Location
- 55765 Mountain View Trail Yucca Valley, (San Bernardino County), California 92284 United States 34°06′29″N 116°26′52″W﻿ / ﻿34.10806°N 116.44778°W

Information
- Type: Private, Coeducational
- Religious affiliation: Roman Catholic
- Established: 1983
- Principal: Daniel Foran
- Staff: 3
- Faculty: 3
- Grades: K-12
- Student to teacher ratio: 4:1
- Campus size: 5 acres (2.0 ha)
- Tuition: $4,000 (K-5); $3,000 (6-8); $3,250 (9-12)

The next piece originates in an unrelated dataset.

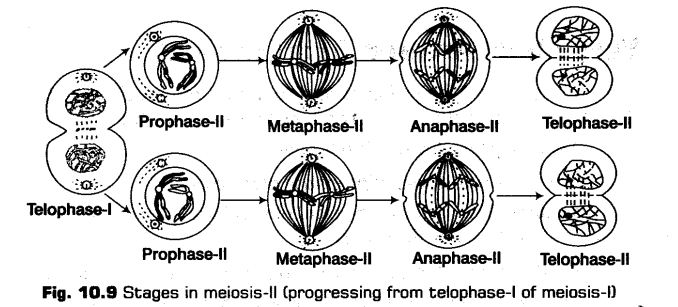 cell-cycle-and-cell-division-cbse-notes-for-class-11-biology-11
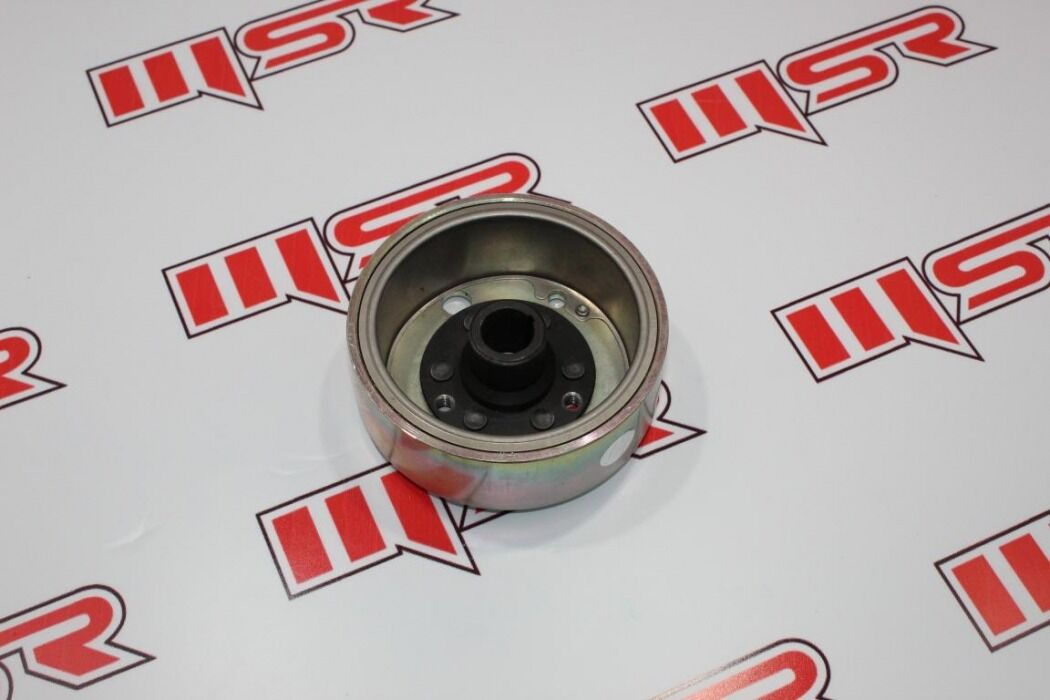BWS 100 MANYETO ROTOR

= Our Lady of the Desert School =

Our Lady of the Desert School (OLDS) is a coeducational private school combination Elementary, Middle School and High school located in Yucca Valley, San Bernardino County, California, USA. It was founded in 1983, and owns its own facility, which includes a 280-occupancy chapel and tennis courts, on 5 acre of land. The school is orthodox Catholic in curriculum and administration. It is not affiliated with the Roman Catholic Diocese of San Bernardino.

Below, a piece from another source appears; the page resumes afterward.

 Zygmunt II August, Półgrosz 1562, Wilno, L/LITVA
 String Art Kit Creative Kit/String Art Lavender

Currently, OLDS has 12 students and 3 teachers, with additional administration and support staff. This gives it a 4:1 student-to-teacher ratio; the California average is 16. The Principal is Daniel Foran.

It describes its primary purpose as preparing students for the challenges they will face in this life so to get to heaven with education as a means to that end.